#### [What is required]
Instruction for the entries that follow: retype exactly the lines from the line with "Un baño moderno" to the line with "A man looks at his guitar touching the side", both included, and omit all others.

#### [Information provided]
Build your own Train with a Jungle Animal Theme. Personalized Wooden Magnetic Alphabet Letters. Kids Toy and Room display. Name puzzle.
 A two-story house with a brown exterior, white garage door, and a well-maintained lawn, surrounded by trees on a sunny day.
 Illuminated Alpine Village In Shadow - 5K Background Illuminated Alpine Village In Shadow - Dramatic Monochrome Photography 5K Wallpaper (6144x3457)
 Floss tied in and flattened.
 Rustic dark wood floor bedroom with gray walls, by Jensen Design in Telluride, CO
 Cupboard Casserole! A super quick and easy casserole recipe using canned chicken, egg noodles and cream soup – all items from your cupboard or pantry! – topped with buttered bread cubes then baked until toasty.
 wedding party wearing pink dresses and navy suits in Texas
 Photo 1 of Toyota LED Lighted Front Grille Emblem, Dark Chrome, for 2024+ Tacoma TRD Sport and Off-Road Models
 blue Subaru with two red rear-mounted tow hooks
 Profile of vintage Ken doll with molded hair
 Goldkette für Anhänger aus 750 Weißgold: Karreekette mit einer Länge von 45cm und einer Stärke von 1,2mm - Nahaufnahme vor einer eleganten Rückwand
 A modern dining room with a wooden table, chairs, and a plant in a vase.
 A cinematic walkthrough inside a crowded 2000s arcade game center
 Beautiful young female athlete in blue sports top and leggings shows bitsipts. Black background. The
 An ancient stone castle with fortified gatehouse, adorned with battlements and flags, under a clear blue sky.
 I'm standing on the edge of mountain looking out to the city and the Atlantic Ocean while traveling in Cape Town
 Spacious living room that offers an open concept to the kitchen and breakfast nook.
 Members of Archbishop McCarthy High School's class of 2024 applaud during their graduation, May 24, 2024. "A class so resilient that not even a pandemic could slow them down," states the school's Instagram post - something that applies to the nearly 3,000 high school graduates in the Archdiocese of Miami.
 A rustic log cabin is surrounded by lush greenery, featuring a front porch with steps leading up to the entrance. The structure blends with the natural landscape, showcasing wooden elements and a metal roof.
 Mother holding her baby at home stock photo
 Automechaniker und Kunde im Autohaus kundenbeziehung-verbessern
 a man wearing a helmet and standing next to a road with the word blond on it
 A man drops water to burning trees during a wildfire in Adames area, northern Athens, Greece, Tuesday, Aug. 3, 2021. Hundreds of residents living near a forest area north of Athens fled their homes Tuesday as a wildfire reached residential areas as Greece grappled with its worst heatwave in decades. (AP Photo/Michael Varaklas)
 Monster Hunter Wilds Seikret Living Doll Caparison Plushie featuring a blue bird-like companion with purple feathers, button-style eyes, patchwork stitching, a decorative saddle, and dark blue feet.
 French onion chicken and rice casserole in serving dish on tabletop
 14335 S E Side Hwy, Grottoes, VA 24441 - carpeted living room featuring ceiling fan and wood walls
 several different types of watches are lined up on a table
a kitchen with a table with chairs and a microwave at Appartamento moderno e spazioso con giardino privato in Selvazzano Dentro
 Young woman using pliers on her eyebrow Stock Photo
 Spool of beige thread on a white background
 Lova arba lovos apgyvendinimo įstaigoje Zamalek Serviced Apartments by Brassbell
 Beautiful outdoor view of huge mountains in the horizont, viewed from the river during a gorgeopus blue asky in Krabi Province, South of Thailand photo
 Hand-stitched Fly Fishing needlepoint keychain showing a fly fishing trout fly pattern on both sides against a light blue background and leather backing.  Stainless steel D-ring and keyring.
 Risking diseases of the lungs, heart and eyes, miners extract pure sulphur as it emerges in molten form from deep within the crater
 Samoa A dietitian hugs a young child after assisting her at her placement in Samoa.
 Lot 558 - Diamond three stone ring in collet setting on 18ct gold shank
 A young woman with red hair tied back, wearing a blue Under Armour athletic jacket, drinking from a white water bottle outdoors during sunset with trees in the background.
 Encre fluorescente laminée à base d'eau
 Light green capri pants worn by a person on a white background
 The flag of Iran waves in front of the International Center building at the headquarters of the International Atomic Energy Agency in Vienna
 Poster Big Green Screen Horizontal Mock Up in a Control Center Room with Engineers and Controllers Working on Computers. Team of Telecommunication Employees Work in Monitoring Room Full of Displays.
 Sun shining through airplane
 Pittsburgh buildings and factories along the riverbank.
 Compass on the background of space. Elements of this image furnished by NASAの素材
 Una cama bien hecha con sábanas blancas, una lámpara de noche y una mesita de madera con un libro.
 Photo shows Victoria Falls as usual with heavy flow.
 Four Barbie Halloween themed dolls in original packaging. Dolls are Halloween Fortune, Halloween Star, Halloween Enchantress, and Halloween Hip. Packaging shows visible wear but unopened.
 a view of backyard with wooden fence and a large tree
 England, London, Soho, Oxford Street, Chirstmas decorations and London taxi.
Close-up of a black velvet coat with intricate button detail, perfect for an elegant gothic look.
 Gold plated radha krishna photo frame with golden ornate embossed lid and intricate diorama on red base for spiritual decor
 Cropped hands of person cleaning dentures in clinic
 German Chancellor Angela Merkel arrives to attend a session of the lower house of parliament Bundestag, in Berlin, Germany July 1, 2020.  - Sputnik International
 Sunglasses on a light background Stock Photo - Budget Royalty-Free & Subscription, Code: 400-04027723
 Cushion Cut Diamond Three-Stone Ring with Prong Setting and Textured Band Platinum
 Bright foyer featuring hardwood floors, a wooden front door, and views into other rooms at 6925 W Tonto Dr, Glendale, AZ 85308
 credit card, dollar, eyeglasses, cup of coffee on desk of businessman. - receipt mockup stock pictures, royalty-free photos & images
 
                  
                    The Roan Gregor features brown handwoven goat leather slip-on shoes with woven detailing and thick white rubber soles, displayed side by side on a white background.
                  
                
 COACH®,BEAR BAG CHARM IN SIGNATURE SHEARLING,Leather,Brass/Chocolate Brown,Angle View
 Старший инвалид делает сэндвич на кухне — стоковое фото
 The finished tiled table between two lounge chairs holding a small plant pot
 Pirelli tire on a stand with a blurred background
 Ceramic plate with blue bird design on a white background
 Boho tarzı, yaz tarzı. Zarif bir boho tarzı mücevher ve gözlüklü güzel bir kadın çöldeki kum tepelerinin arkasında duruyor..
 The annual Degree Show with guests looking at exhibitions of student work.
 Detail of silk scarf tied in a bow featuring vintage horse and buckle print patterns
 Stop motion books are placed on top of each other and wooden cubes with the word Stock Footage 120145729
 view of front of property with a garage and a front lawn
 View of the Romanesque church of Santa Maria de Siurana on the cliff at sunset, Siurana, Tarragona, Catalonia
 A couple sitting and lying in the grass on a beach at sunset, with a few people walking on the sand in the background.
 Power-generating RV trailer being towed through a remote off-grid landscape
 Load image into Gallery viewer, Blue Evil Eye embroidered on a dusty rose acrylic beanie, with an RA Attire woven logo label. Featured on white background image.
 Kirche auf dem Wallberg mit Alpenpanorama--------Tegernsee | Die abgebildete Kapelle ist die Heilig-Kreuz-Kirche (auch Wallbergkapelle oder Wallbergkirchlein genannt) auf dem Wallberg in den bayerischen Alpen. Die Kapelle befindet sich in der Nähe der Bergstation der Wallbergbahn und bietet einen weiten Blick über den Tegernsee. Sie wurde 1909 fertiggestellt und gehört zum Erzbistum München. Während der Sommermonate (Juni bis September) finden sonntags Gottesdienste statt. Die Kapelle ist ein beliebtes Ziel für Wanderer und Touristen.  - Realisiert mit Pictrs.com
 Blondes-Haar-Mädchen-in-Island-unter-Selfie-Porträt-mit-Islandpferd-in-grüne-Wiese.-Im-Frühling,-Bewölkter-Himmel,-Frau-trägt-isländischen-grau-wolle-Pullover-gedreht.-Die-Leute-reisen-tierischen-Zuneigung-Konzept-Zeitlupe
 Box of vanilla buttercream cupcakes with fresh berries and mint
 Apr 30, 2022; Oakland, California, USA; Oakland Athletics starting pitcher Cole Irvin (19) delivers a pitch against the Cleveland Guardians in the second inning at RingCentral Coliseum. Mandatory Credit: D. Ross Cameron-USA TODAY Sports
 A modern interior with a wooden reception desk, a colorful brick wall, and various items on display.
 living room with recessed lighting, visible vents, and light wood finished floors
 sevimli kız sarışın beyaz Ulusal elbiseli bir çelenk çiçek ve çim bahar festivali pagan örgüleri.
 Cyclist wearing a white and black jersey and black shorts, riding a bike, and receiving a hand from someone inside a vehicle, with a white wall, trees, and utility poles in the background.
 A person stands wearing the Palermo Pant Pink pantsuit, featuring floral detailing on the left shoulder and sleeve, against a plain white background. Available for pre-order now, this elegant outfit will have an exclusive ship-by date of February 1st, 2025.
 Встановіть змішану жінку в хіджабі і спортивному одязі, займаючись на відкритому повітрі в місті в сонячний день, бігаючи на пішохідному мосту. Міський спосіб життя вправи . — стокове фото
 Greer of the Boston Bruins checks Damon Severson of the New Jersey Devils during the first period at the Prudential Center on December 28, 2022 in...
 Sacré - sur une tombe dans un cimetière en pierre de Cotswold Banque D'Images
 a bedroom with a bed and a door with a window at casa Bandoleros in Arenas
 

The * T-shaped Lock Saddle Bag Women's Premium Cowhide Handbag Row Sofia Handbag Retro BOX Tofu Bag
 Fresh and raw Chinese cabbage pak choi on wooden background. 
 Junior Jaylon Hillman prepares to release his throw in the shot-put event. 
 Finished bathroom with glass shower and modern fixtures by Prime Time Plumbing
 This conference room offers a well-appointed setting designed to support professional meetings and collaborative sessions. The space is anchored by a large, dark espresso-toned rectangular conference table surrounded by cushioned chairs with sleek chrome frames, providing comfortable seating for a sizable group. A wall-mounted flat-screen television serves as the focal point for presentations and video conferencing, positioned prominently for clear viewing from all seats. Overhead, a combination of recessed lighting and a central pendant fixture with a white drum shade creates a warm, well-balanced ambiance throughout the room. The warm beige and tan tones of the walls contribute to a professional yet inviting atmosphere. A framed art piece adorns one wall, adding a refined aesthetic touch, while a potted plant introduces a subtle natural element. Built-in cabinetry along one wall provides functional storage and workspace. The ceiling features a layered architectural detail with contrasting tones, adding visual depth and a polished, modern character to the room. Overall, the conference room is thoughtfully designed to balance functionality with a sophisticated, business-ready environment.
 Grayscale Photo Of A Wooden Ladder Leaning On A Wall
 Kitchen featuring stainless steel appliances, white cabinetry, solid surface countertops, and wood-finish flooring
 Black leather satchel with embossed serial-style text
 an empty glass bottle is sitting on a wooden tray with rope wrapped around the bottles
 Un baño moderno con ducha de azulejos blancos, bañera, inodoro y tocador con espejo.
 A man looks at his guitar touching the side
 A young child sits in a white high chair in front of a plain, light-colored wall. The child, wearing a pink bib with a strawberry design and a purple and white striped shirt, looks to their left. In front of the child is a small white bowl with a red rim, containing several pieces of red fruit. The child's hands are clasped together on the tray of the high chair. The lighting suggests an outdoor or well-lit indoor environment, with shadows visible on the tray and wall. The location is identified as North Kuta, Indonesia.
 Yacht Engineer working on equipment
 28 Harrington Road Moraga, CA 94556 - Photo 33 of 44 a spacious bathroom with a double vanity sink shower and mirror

#### [Reply]
 Un baño moderno con ducha de azulejos blancos, bañera, inodoro y tocador con espejo.
 A man looks at his guitar touching the side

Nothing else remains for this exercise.